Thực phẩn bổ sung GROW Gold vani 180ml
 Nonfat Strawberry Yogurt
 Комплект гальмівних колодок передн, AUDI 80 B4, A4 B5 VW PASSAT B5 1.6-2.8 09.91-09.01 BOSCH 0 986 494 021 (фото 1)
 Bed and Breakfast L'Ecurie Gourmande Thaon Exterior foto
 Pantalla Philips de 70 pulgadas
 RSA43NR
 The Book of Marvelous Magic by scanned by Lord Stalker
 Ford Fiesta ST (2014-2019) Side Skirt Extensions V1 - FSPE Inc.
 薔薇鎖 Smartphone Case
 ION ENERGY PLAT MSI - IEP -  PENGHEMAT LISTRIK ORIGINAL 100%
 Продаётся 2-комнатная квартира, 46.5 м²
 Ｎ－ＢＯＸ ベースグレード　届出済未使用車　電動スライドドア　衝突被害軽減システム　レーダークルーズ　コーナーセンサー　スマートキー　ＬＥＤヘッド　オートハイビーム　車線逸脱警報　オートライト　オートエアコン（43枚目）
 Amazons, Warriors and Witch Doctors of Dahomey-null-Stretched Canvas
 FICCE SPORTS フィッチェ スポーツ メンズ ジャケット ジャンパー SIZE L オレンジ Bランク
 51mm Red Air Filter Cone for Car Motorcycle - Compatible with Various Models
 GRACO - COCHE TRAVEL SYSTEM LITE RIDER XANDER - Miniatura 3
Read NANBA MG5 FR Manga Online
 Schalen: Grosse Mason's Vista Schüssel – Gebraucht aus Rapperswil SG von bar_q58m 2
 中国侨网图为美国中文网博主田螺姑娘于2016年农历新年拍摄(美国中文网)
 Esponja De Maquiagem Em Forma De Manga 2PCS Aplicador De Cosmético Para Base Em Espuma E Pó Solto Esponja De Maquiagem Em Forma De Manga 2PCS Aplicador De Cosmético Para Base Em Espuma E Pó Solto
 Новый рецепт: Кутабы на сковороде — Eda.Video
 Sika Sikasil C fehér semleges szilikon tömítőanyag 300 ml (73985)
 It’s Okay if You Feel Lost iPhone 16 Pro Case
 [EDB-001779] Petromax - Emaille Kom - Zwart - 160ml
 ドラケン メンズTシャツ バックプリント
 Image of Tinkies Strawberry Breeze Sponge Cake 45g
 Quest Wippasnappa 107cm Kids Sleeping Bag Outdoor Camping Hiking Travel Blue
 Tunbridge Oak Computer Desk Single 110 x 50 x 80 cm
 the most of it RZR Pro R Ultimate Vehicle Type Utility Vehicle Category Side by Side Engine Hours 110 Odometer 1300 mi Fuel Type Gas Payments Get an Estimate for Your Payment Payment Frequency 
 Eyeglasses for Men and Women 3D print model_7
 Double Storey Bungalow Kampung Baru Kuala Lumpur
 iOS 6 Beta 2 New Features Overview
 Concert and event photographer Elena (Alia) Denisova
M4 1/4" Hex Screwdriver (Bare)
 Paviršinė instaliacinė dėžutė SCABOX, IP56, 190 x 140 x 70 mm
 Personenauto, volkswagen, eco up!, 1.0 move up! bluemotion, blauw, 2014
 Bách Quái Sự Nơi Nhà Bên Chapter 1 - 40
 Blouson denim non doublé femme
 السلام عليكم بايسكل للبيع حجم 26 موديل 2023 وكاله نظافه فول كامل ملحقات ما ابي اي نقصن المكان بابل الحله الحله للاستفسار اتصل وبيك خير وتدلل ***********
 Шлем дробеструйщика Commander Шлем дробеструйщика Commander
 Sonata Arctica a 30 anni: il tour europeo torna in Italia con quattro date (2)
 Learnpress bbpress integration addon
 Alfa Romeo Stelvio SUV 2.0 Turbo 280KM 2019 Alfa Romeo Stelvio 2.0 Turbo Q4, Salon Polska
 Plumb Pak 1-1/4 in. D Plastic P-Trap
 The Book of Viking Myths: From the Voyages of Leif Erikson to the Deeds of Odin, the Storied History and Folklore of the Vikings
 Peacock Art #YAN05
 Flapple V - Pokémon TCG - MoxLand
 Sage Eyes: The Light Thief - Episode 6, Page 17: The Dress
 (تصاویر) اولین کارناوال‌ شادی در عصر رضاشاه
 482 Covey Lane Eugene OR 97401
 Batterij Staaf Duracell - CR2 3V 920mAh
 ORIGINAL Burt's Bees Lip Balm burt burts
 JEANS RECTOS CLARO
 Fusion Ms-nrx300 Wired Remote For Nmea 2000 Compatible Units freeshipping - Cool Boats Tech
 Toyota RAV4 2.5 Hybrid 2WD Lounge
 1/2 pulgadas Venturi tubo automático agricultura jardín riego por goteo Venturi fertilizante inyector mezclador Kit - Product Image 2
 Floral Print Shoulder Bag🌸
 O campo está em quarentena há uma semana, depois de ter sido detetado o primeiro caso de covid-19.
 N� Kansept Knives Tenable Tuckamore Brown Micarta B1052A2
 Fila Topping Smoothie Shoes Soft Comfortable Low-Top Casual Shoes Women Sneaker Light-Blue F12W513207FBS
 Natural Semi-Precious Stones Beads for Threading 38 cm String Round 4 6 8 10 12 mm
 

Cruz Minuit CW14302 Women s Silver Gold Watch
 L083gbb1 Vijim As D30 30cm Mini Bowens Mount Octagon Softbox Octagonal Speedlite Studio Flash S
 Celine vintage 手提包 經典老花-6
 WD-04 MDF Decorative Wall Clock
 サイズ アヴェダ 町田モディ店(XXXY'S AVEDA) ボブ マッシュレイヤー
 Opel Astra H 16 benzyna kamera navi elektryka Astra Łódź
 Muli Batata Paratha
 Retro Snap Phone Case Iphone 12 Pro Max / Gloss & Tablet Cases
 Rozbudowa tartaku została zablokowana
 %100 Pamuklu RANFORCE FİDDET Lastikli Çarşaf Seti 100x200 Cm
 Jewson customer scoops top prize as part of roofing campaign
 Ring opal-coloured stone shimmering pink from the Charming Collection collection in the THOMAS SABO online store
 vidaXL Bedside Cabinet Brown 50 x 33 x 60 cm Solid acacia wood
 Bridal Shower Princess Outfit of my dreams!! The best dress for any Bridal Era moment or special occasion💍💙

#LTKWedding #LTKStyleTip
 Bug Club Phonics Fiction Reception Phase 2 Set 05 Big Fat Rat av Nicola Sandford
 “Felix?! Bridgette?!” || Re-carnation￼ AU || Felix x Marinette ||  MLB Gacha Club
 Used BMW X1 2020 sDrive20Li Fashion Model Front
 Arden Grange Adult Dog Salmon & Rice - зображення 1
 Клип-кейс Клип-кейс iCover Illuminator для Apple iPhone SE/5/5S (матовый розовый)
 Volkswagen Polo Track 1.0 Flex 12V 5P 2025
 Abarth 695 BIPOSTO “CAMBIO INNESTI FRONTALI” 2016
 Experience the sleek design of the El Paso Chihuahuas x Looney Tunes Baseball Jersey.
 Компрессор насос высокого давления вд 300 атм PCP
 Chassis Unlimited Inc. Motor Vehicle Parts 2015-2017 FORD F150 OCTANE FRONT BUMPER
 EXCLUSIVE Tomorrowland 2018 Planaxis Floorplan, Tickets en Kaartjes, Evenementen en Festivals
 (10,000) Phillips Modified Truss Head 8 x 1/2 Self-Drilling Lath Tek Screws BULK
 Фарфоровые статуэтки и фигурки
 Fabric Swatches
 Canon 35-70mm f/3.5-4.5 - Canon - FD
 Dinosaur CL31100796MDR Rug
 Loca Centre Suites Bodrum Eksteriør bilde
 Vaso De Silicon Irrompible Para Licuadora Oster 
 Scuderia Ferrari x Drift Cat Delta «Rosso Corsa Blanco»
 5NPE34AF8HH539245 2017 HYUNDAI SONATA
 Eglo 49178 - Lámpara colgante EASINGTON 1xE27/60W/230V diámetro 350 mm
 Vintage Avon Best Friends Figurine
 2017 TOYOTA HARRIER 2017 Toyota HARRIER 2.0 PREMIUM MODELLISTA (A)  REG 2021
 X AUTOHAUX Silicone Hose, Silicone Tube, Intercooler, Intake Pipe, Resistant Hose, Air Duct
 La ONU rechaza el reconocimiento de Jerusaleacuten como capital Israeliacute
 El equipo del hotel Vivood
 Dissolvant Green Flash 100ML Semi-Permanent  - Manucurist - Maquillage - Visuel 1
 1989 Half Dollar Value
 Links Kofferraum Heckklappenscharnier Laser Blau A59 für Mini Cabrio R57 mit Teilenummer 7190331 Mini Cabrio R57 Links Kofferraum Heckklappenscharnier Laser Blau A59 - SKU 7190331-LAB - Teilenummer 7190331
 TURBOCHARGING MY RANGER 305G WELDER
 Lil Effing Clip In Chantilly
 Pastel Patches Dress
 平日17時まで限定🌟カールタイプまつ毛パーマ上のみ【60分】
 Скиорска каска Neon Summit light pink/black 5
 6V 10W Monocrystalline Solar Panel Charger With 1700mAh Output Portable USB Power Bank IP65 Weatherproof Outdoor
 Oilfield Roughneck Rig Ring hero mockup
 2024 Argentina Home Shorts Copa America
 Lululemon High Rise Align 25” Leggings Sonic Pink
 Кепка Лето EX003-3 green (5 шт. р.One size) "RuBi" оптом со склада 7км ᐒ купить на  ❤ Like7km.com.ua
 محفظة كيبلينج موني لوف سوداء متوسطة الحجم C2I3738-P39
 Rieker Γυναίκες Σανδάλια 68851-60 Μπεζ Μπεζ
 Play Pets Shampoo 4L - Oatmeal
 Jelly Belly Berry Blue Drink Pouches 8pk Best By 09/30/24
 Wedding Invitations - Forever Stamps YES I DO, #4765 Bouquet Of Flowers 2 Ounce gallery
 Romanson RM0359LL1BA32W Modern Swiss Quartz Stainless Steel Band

▶ [TASK PROMPT] The stopping point is the line containing "Eyeglasses for Men". Reproduce exactly every line of the material from the first through that one.

▶ [RESULT]
Thực phẩn bổ sung GROW Gold vani 180ml
 Nonfat Strawberry Yogurt
 Комплект гальмівних колодок передн, AUDI 80 B4, A4 B5 VW PASSAT B5 1.6-2.8 09.91-09.01 BOSCH 0 986 494 021 (фото 1)
 Bed and Breakfast L'Ecurie Gourmande Thaon Exterior foto
 Pantalla Philips de 70 pulgadas
 RSA43NR
 The Book of Marvelous Magic by scanned by Lord Stalker
 Ford Fiesta ST (2014-2019) Side Skirt Extensions V1 - FSPE Inc.
 薔薇鎖 Smartphone Case
 ION ENERGY PLAT MSI - IEP -  PENGHEMAT LISTRIK ORIGINAL 100%
 Продаётся 2-комнатная квартира, 46.5 м²
 Ｎ－ＢＯＸ ベースグレード　届出済未使用車　電動スライドドア　衝突被害軽減システム　レーダークルーズ　コーナーセンサー　スマートキー　ＬＥＤヘッド　オートハイビーム　車線逸脱警報　オートライト　オートエアコン（43枚目）
 Amazons, Warriors and Witch Doctors of Dahomey-null-Stretched Canvas
 FICCE SPORTS フィッチェ スポーツ メンズ ジャケット ジャンパー SIZE L オレンジ Bランク
 51mm Red Air Filter Cone for Car Motorcycle - Compatible with Various Models
 GRACO - COCHE TRAVEL SYSTEM LITE RIDER XANDER - Miniatura 3
Read NANBA MG5 FR Manga Online
 Schalen: Grosse Mason's Vista Schüssel – Gebraucht aus Rapperswil SG von bar_q58m 2
 中国侨网图为美国中文网博主田螺姑娘于2016年农历新年拍摄(美国中文网)
 Esponja De Maquiagem Em Forma De Manga 2PCS Aplicador De Cosmético Para Base Em Espuma E Pó Solto Esponja De Maquiagem Em Forma De Manga 2PCS Aplicador De Cosmético Para Base Em Espuma E Pó Solto
 Новый рецепт: Кутабы на сковороде — Eda.Video
 Sika Sikasil C fehér semleges szilikon tömítőanyag 300 ml (73985)
 It’s Okay if You Feel Lost iPhone 16 Pro Case
 [EDB-001779] Petromax - Emaille Kom - Zwart - 160ml
 ドラケン メンズTシャツ バックプリント
 Image of Tinkies Strawberry Breeze Sponge Cake 45g
 Quest Wippasnappa 107cm Kids Sleeping Bag Outdoor Camping Hiking Travel Blue
 Tunbridge Oak Computer Desk Single 110 x 50 x 80 cm
 the most of it RZR Pro R Ultimate Vehicle Type Utility Vehicle Category Side by Side Engine Hours 110 Odometer 1300 mi Fuel Type Gas Payments Get an Estimate for Your Payment Payment Frequency 
 Eyeglasses for Men and Women 3D print model_7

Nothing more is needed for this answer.